--- Dataset excerpt Enclosed Below ---

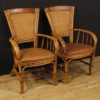 Pair of design armchairs stamped Kalma Ramon Castellano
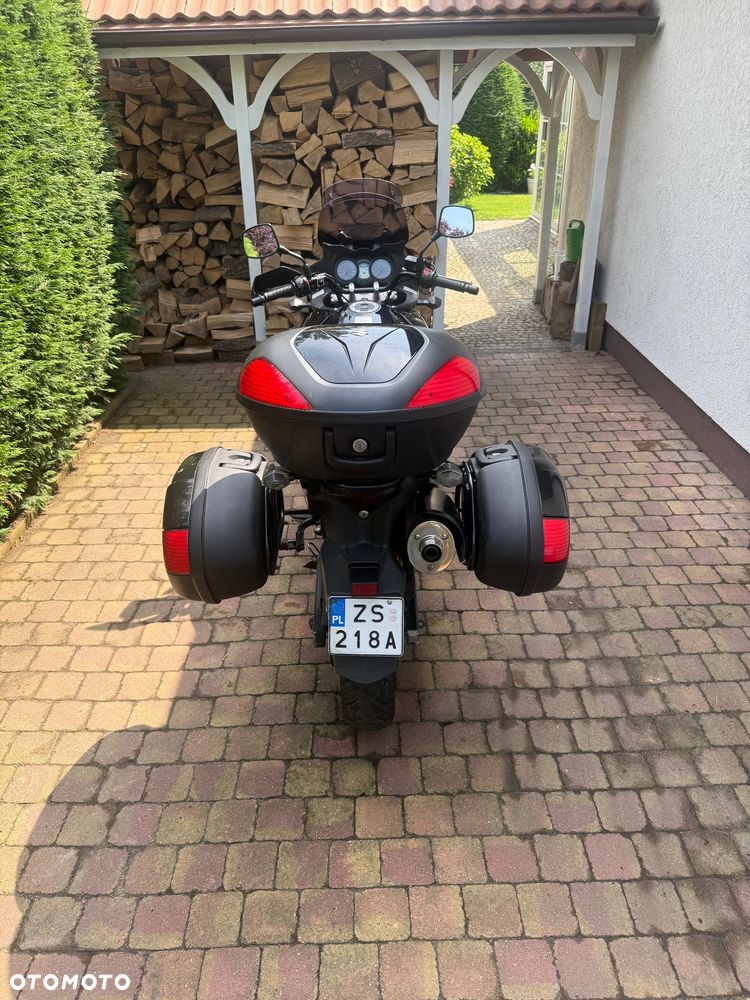 Suzuki V-STROM - 11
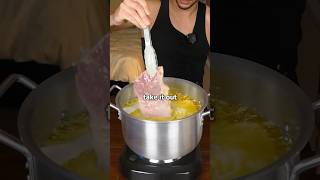 Cooking A Steak In 10 Pounds Butter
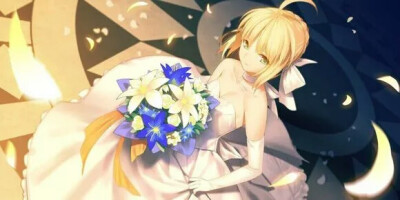 saber  lily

--- End of Enclosed Dataset excerpt ---

- Work instructions: Transcribe the listing exactly; omit all images.

- Written reply:
 Pair of design armchairs stamped Kalma Ramon Castellano
 Suzuki V-STROM - 11
 Cooking A Steak In 10 Pounds Butter
 saber  lily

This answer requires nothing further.